▶ [Aim of the exercise]: Every line of the listing below should come back exactly as written, with no images.

▶ [Material provided]:
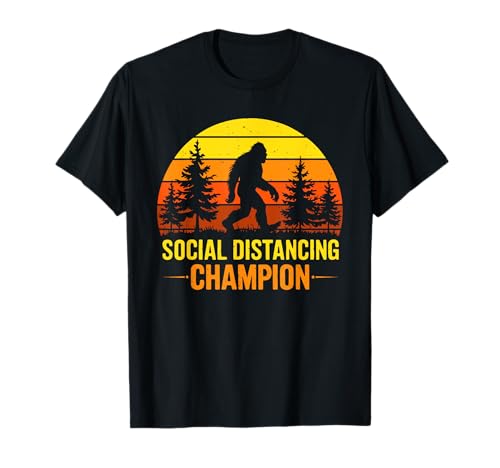 Meister der sozialen Distanzierung - Giant camping Bigfoot T-Shirt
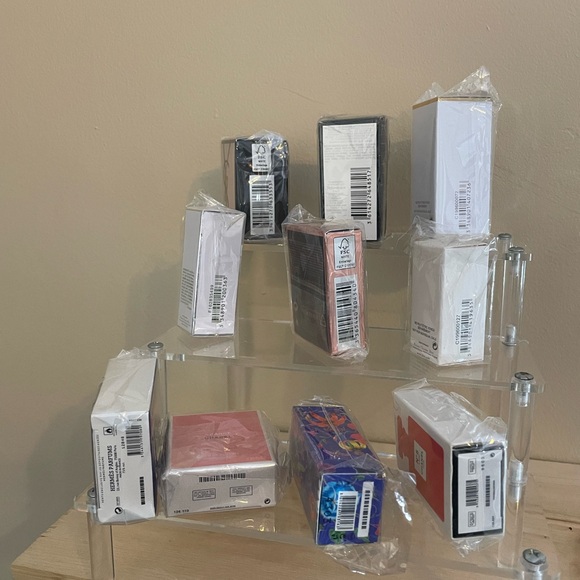 10-Piece Boxed Mini Perfume Bundle – New/Sealed – Assorted - Picture 3 of 3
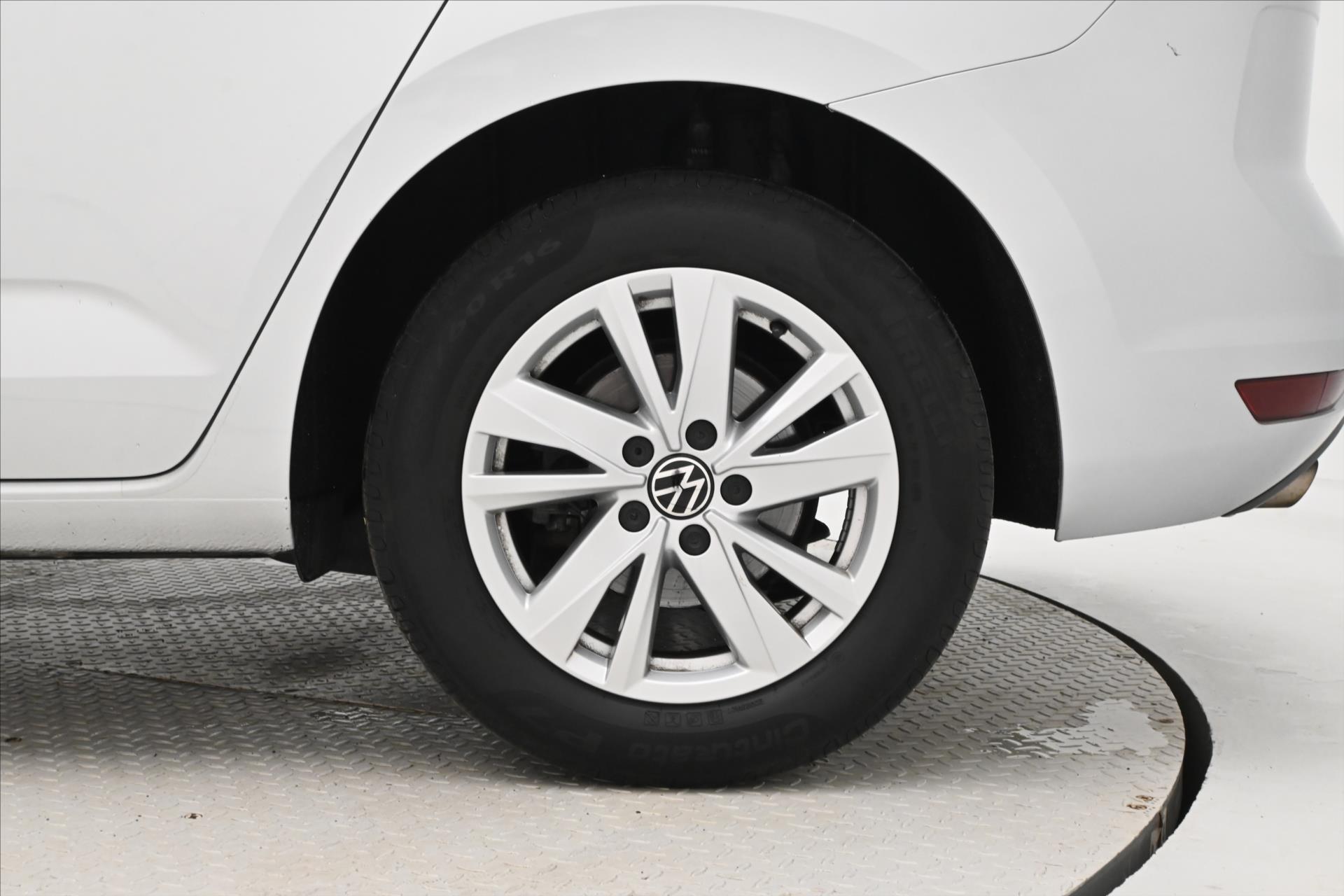 Hlavní fotografie vozu Volkswagen Touran 2,0 TDI 110kW DSG Záruka až 5 let (33)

▶ [Solved exercise]:
 Meister der sozialen Distanzierung - Giant camping Bigfoot T-Shirt
 10-Piece Boxed Mini Perfume Bundle – New/Sealed – Assorted - Picture 3 of 3
 Hlavní fotografie vozu Volkswagen Touran 2,0 TDI 110kW DSG Záruka až 5 let (33)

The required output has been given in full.